November witnessed a record surge in Ukrainian drone strikes targeting Russian energy infrastructure, impacting refineries and Black Sea tankers. This led to a reduction in daily processing to approximately 5 million barrels, down from 5.3 to 5.5 million barrels earlier in the autumn.
Ukraine executed more assaults on Russia’s energy facilities in November than in previous months. Drones attacked Russian refineries at least 14 times. Two tankers in the Black Sea were targeted, along with another tanker that formerly transported Russian oil.
Black Sea Terminal and CPC Exports
A mooring facility at a Black Sea oil terminal, essential for Caspian Pipeline Consortium (CPC) exports, was destroyed by a drone attack. Kazakhstan had recently averaged 1.5 million barrels per day to the terminal via the CPC pipeline.
The incident is exacerbated by a second mooring being inoperable due to maintenance. Despite this setback, loading operations at the sole remaining mooring have recommenced.
We see the record number of attacks last month as a clear signal of escalating supply risk. The drop in Russian refinery processing to 5 million barrels per day directly tightens the market for refined products like diesel. This suggests an upward pressure on prices as we head into the winter months.
Geopolitical Risk and Market Impact
With Brent crude futures already trading above $92 per barrel in the first days of December, the market is sensitive to any supply shocks. This situation feels similar to the price volatility we saw in 2022, where geopolitical events added a significant risk premium to oil prices almost overnight. Considering the recent OPEC+ decision to maintain current output levels, these disruptions from Russia could have an outsized impact.
We believe purchasing near-term call options on Brent and heating oil futures is a prudent strategy to capture potential price spikes. The increased frequency of these attacks suggests implied volatility will likely rise, making options more expensive soon. This makes acting in the coming weeks critical to get ahead of the market repricing this new level of risk.
We are also looking closely at crack spreads, particularly for diesel, as refinery outages directly impact the supply of refined products more than crude oil itself. Going long on the “crack” could be profitable, as the value of these products may rise faster than the underlying crude oil price. The latest data from early December shows crack spreads have already widened by over 5% since mid-November, and we expect that trend to continue.

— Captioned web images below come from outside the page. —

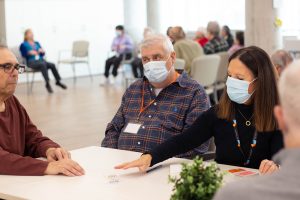 ADP clients participate in a game of cards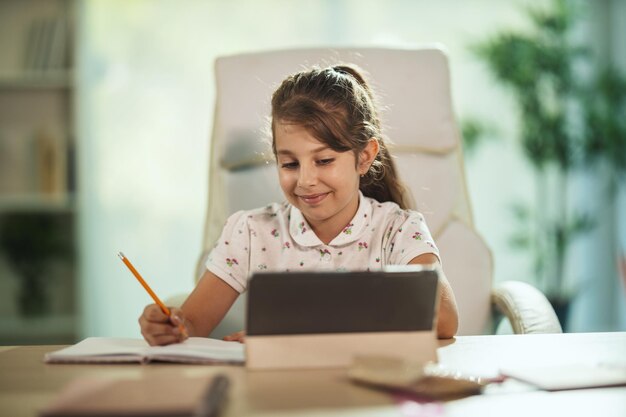 COVID-19 전염병 동안 집에서 온라인 수업을 하기 위해 태블릿을 사용하는 부지런한 어린 소녀의 사진.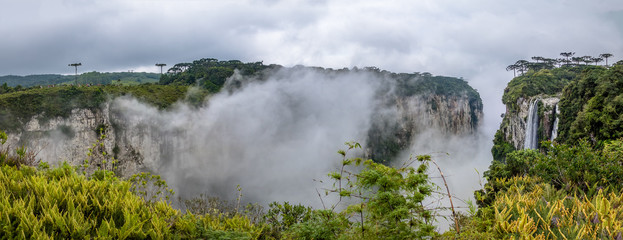 Panoramic view of Itaimbezinho Canyon with fog at Aparados da Serra National Park - Cambara do Sul, Rio Grande do Sul, Brazil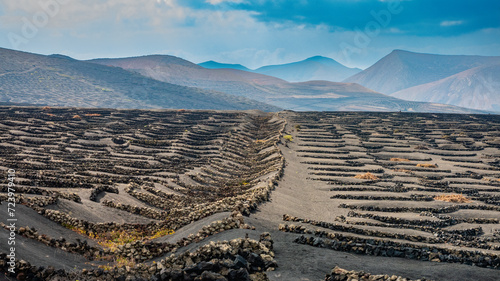 Astonishing volcanic ash and basaltic rock structures buit by local to produce high quality wine despite the extremely arid and windy conditions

The damage to the Caspian Pipeline Consortium’s export terminal, which handles about 1.5 million barrels per day, introduces another layer of uncertainty for crude supply. While loadings have resumed, operating with only one of three mooring points creates a significant bottleneck and a target for future attacks. This vulnerability specifically threatens seaborne crude heading to Europe, potentially causing the Brent-WTI spread to widen.